Autumn reseeding provides a great opportunity to boost the productivity of under-performing leys at a time when there is less pressure on grass availability.
There are challenges with autumn reseeding, but careful planning to accommodate them gives the best chance of new leys establishing well and building their production potential over the winter. Germinal technical director Dr Mary McEvoy offers her advice on successful autumn reseeds.
Timing is crucial
The potentially warm and moist weather often seen in August and early autumn make ideal conditions for a reseed. But the weather can change quickly as autumn progresses, so it’s important you start reseeding in good time. Aim to have sprayed off by mid-August and have the seed in the ground by the first week of September.
Sowing any later increases the risk of the weather and temperature deteriorating making management more difficult and successful germination less likely.
Check soil fertility is right
Before starting any reseed consider your soil fertility as new swards need the right nutrition to establish well. Refer to your soil test results first, but generally, three bags of 10:10:20 per acre is advised for soil index 3.
Apply fertiliser after the seed is sown, then follow three weeks later with N; be aware of the September deadline for spreading. Don’t forget to also check your soil pH and apply lime if necessary prior to sowing.

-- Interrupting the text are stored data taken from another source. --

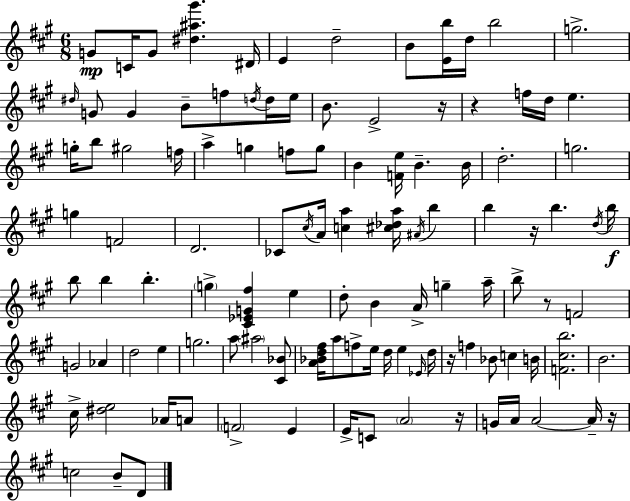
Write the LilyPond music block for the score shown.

{
  \clef treble
  \numericTimeSignature
  \time 6/8
  \key a \major
  g'8\mp c'16 g'8 <dis'' ais'' gis'''>4. dis'16 | e'4 d''2-- | b'8 <e' b''>16 d''16 b''2 | g''2.-> | \break \grace { dis''16 } g'8 g'4 b'8-- f''8 \acciaccatura { d''16 } | d''16 e''16 b'8. e'2-> | r16 r4 f''16 d''16 e''4. | g''16-. b''8 gis''2 | \break f''16 a''4-> g''4 f''8 | g''8 b'4 <f' e''>16 b'4.-- | b'16 d''2.-. | g''2. | \break g''4 f'2 | d'2. | ces'8 \acciaccatura { cis''16 } a'16 <c'' a''>4 <cis'' des'' a''>16 \acciaccatura { ais'16 } | b''4 b''4 r16 b''4. | \break \acciaccatura { d''16 } b''16\f b''8 b''4 b''4.-. | \parenthesize g''4-> <cis' ees' g' fis''>4 | e''4 d''8-. b'4 a'16-> | g''4-- a''16-- b''8-> r8 f'2 | \break g'2 | aes'4 d''2 | e''4 g''2. | a''8 \parenthesize ais''2 | \break <cis' bes'>8 <a' bes' d'' fis''>16 a''8 f''8-> e''16 d''16 | e''4 \grace { ees'16 } d''16 r16 f''4 bes'8 | c''4 b'16 <f' cis'' b''>2. | b'2. | \break cis''16-> <dis'' e''>2 | aes'16 a'8 \parenthesize f'2-> | e'4 e'16-> c'8 \parenthesize a'2 | r16 g'16 a'16 a'2~~ | \break a'16-- r16 c''2 | b'8-- d'8 \bar "|."
}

Pick your reseeding method carefully
Whichever method you use for reseeding, always aim for a fine, firm, and level seedbed to maximise seed-to-soil contact. If you plan to direct drill, remember there is an increased risk of slugs in autumn reseeds.
The tramways between establishing swards act as a pathway, allowing them to spread quickly and easily. To avoid this, check your establishing reseed closely and use slug pellets as appropriate.
Think about pests
Reseeding in autumn brings an increased risk of pests including frit flies, leather jackets, and slugs. Make sure you monitor your reseed carefully for pests during establishment and seek expert advice if you think there’s a problem.
Keep on top of weeds
Keeping on top of weeds as a reseed establishes is an important part of it being successful. Post-emergence spraying with an effective herbicide provides the best control of weeds and is the most cost-effective option.
To achieve good root kill and a high level of control, make sure weeds are sprayed when they are growing actively. This is normally around six weeks after sowing.
Before spraying always check the product label to make sure you’re using the product within the correct timeframe. Some sprays are not permitted for use after 31 August. Also take note of the grazing interval as putting stock in early is an important step in developing a denser and better tillered sward following an autumn reseed.
If you are including clover in the reseed, be sure to use a clover-safe spray and always follow the manufacturer’s guidelines. Emergency use has been granted for Clovermax until 11 September, but with such limited availability, consider reseeding grass on its own so you can control weeds with a post-emergence spray, before stitching in clover later.
Common pitfalls with autumn reseeding
- Incorrect timing – late sowing impacts establishment and prevents a post-emergence spray or grazing before spring. Plan ahead to give yourself enough time
- Poor seedbed preparation – rushing into sowing after spraying off risks it being less effective. Try to wait three weeks
- Poor soil fertility status – don’t expect the 10:10:20 applied at reseeding to do all the work. Have a long-term plan for improving your soil health
- Inadequate rolling – rolling is vital for maintaining moisture and consolidating the seedbed, as well as promoting good soil-to-seed contact
- Poor weed or pest control – don’t jeopardise your investment in reseeding by skimping on weed or pest control. Post-emergence spraying is your best chance to control weeds
- Delayed first grazing – not grazing until spring impacts sward development and subsequent productivity. Aim for at least one grazing before winter.